Pourtant, l’idée du livre, en soi, n’était pas inintéressante : méditer autour de l’amour et du couple sur un plan aussi général que typiquement contemporain, à travers sept personnages et durant la séquence médiatico-politique de la « Manif pour tous ». Pierre, un vieil écrivain en panne d’inspiration qui sort avec une lectrice, Ginevra ; Armand et Aaron, couple d’homosexuels branchés ; Ferdinand, étudiant gay amoureux secrètement d’un garçon hétéro, fils d’un député ultra-réactionnaire et parfaitement immonde ; enfin Anne, très belle jeune femme amie d’Armand et Aaron, constituent le petit régiment qui n’éclate la narration que pour mieux marcher au pas de l’opinion de Dantzig, attendue et simpliste, sur tous les sujets qu’il touche.

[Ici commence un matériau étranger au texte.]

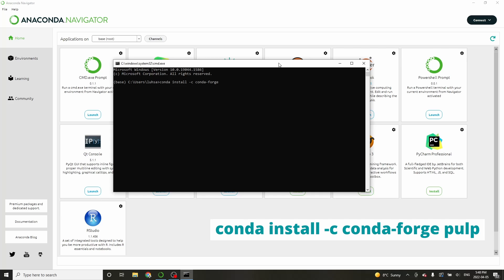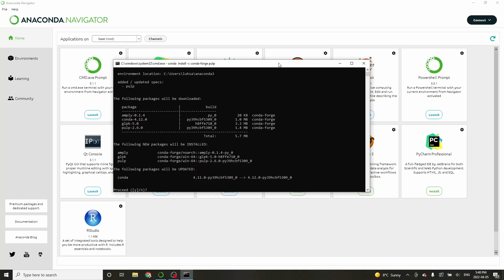The installation will begin. After some time you'll be asked if Anaconda can proceed with the installation. Type Y and press Enter.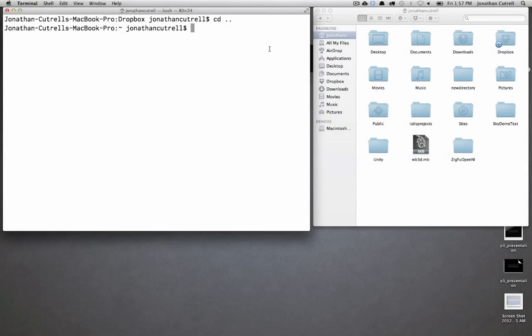Hello everyone, my name is Jonathan Cuttrell and you are watching a quick tip screencast on Web Design Tuts. Today we are going to learn a small bit about using the command line to speed up your workflow.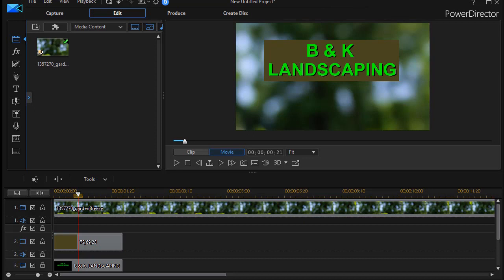In this tutorial in CyberLink PowerDirector, we're going to look at a technique for inverting the color of a text and its immediate background.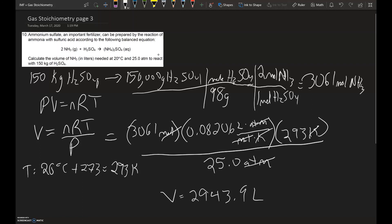What we get from this problem is that when we're not working at STP — but under whatever conditions the problem gives — we can't use molar volume. Instead, we use a different gas law; in this case, the ideal gas law. I hope this helps you in working some of the problems that you come across.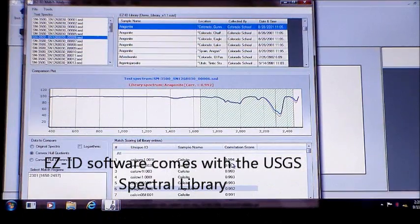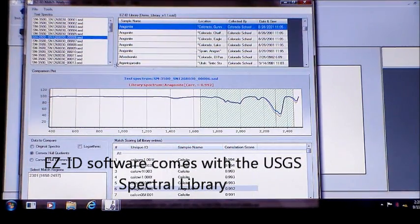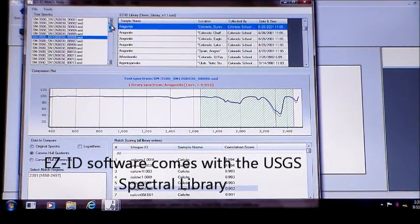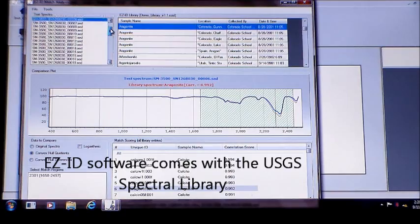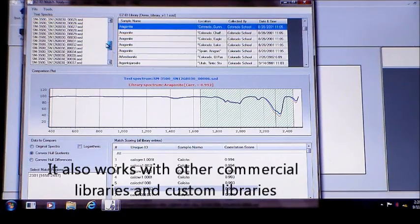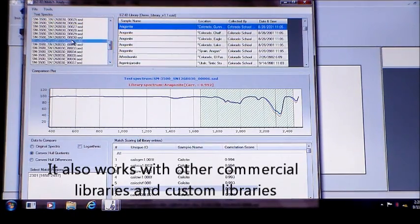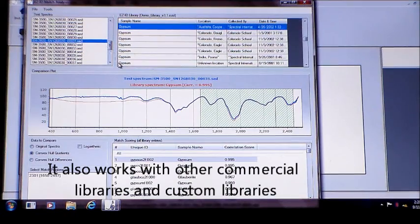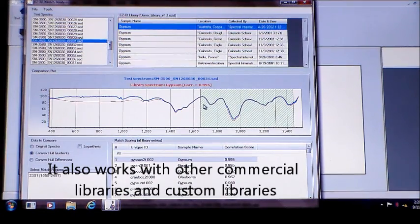EZID is shipped with the USGS mineral library. It also works with a wide range of commercial libraries. Or, you can build a custom library using our Custom Library Builder module.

La liste est longue : beauté, laideur, corps, cheveux, vêtements, amitié, jurons, facilités, angoisses et tristesse…
Ce déferlement de paragraphes vaguement agglomérés par thèmes, passant d’un personnage à l’autre, ou exposant une réflexion, citant l’œuvre imaginaire de l’écrivain intra-diégiétique, commentant parfois, même, une photographie, ce gros ensemble disgracieux, mal orchestré, pesant et gratuit n’ouvre in fine que sur une vision du monde large comme le judas de la porte d’un loft du Marais et profonde au moins autant qu’un épisode des Guignols de l’Info, où Dantzig tire l’essentiel de ses conceptions du monde, en dépit des quelques citations philosophiques dont il lui arrive de fourrer son invraisemblable pudding.

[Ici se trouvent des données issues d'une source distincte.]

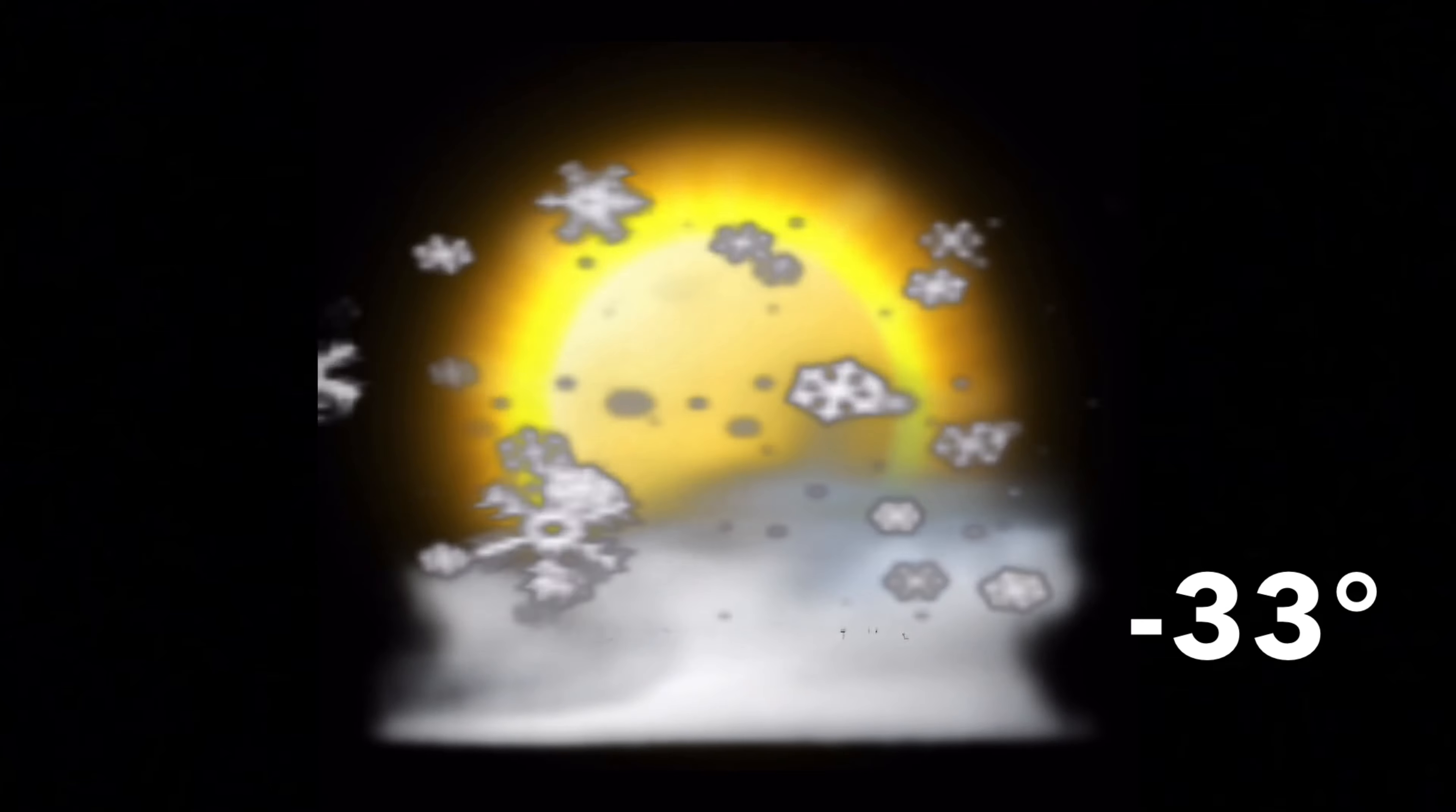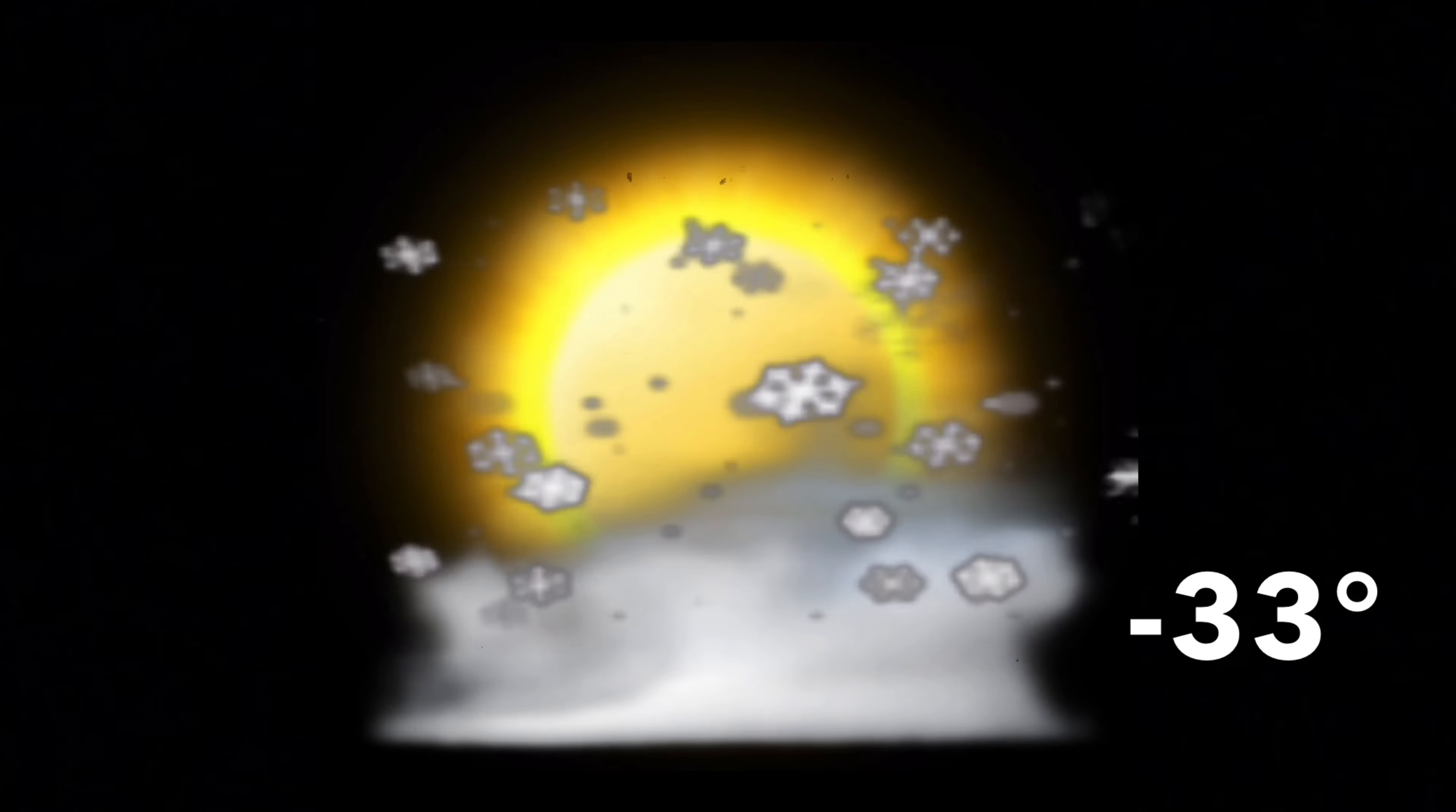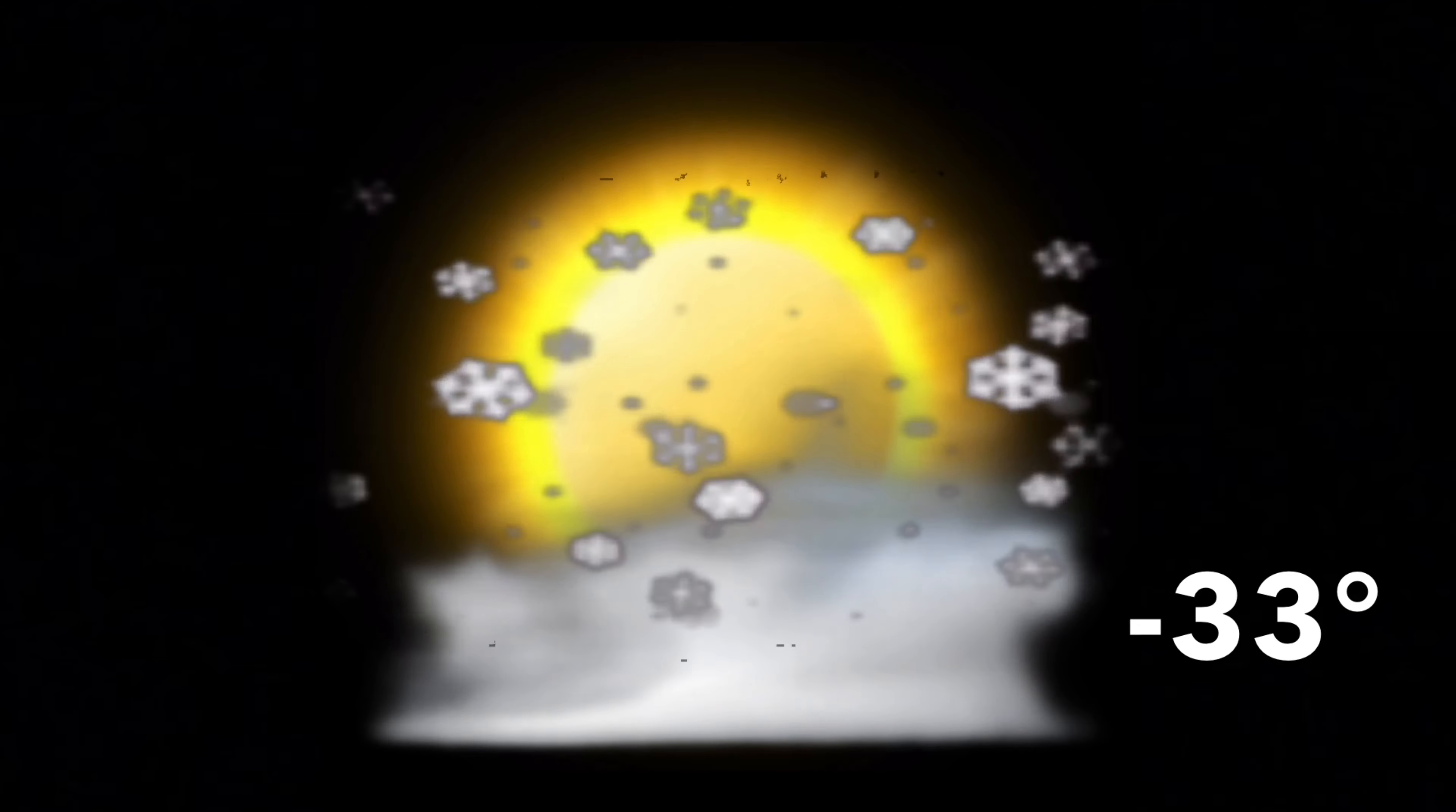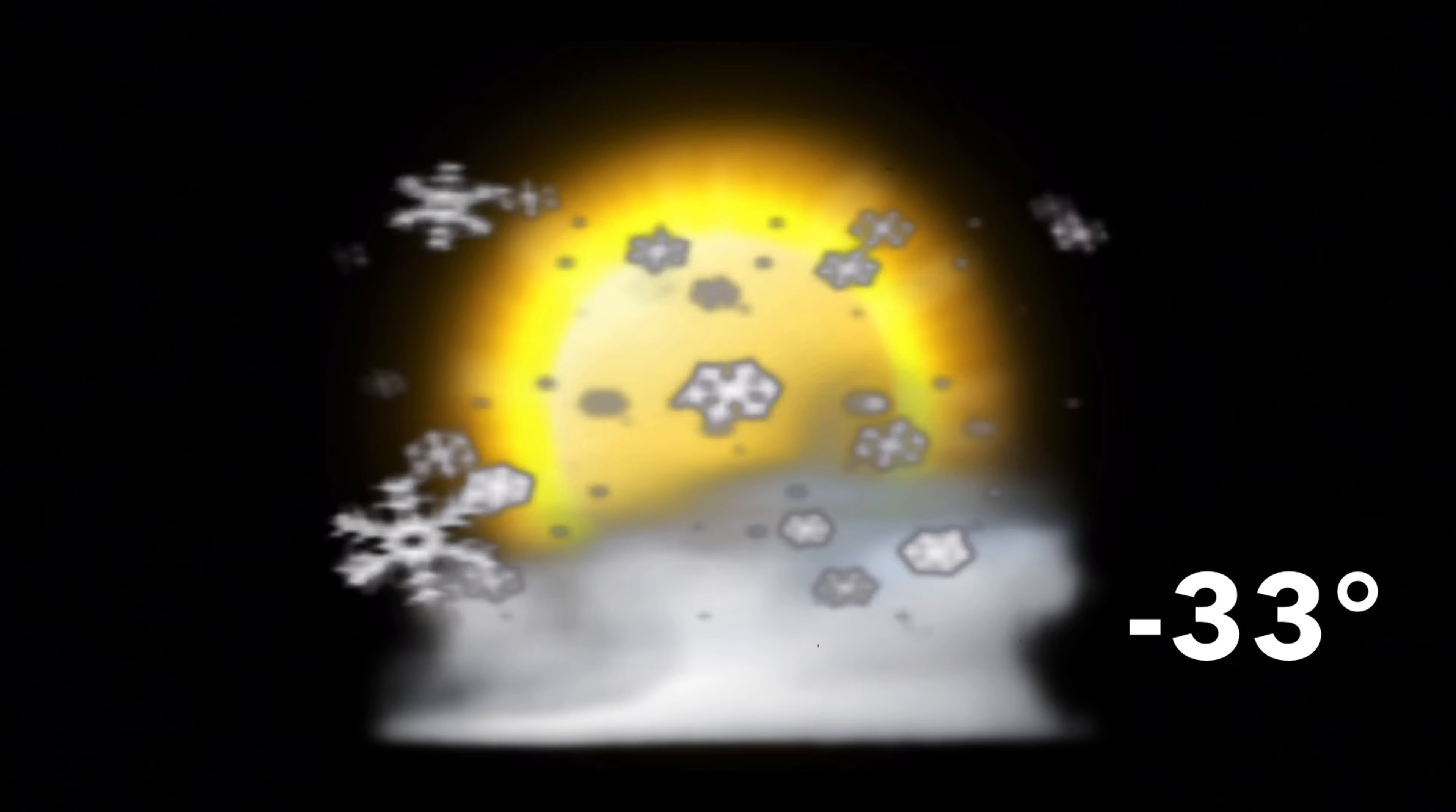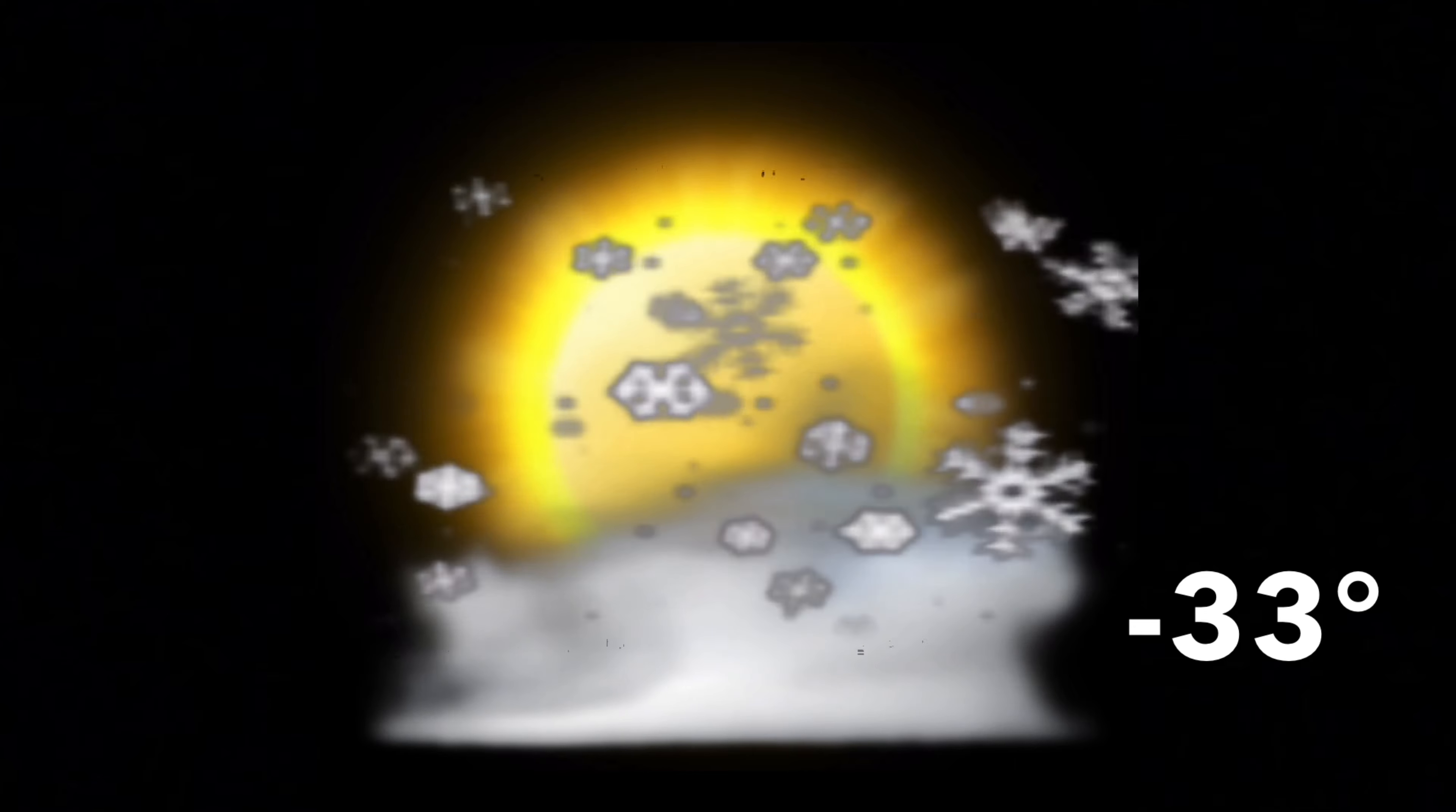Currently, on Mount St. Elias, it's gusting over 105 miles per hour with a negative 67 wind chill.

L’auteur dévale à ce point ses pages en roue libre qu’il se laisse aller à écrire très objectivement n’importe quoi. Ainsi : « Le prince héritier d’Arabie saoudite est mort. Il avait soixante-dix-neuf ans. Un temps où les mots “prince héritier” peuvent aller avec “soixante-dix-neuf ans” n’est pas favorable à la jeunesse », dit-il par exemple, page 56. On saisit aisément la tentative de bon mot, mais il demeure une sérieuse réserve, qui est de constater que l’actualité de l’Arabie Saoudite ne recoupe pas franchement la nôtre, et donc ne trahit pas grand chose de révélateur à l’égard de nos mœurs. Mais le plus cocasse, c’est quand Dantzig précise, en note de bas de page, que le mode de succession en vogue chez les pétro-monarques est « adelphique », c’est-à-dire que la dévolution est chez eux intra-générationnelle jusqu’à l’épuisement de la génération en question. Par conséquent, non seulement son exemple n’exprime rien sur nous parce qu’il est trop éloigné dans l’espace et la culture, mais il ne raconte rien non plus sur l’Arabie Saoudite, puisqu’il ne déroge guère à la tradition du pays… Mais ce n’est pas grave, Dantzig maintient, envers et contre tout !

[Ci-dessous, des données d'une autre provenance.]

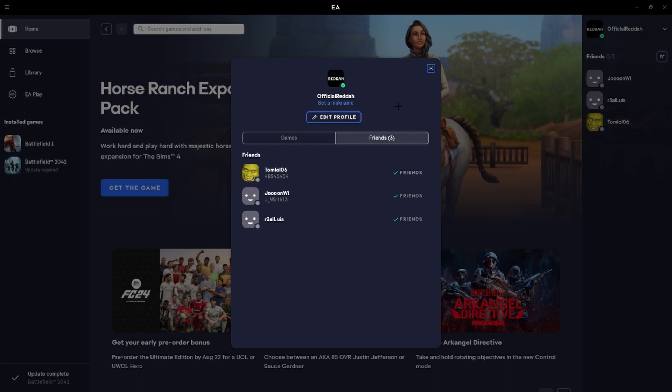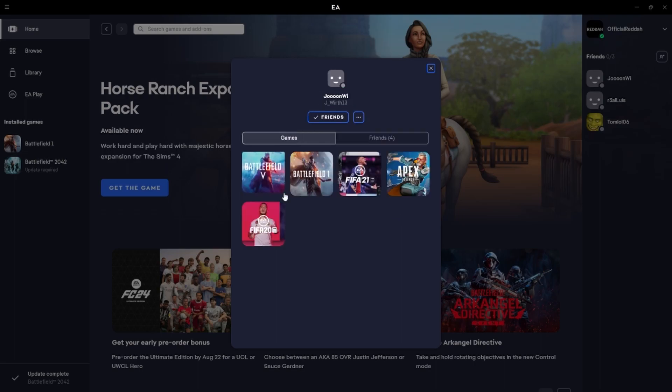Now you just need to select the friend you would like to remove or block, so just go ahead and click on his profile as well.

La séquence historique choisie aurait pourtant pu être riche à exploiter dans le cadre d’un roman choral ; elle fournissait une vraie matière au travail d’un romancier. Sonder et exposer les ambiguïtés, les problématiques, les contradictions tragiques et les choix d’ordre anthropologique – chacun de ses choix ayant ses raisons et ses arguments – qui se jouaient durant le vote de la loi pour l’élargissement du mariage aux couples du même sexe, voilà, après les débats, les slogans, les tribunes binaires et les tracts, ce qu’on aurait aimé voir traité avec finesse et mordant par un écrivain de talent. Sauf que Dantzig est incapable de penser contre lui-même, ou de dépasser sa sensibilité instinctive ; il ne fait que délayer infiniment le symptôme d’un pur délire manichéen, où ses adversaires sont des monstres à tous points de vue.
Quant à la question anthropologique, elle est ramenée à une division sentimentale d’enfant de quatre ans témoin de Jéhovah : les partisans du mariage gay défendent « l’amour » alors que ses opposants défendent « la haine ». En réalité, Dantzig raconte surtout l’histoire de son amour pour ceux qui pensent comme lui – tous ses personnages sauf le monstre –, et de sa haine féroce, inexorable, pour les autres. Cette haine fondamentale, structurante, en réalité, n’empêche pas, comme souvent chez l’individu contemporain narcissique et binaire, un sentimentalisme régressif empoisse tout le bouquin. Cela va même de pair : en général, quand règne une très nette segmentation répartissant gentils et méchants, le roi des gentils ne cesse d’exhiber son gros cœur ; c’est même son argument principal pour vouer les méchants déshumanisés au goulag, à la rééducation ou à l’enfer. Ce serait bien, cela dit, gros cœur ou non, sur un plan strictement littéraire, de faire l’effort de récupérer un cerveau et un style…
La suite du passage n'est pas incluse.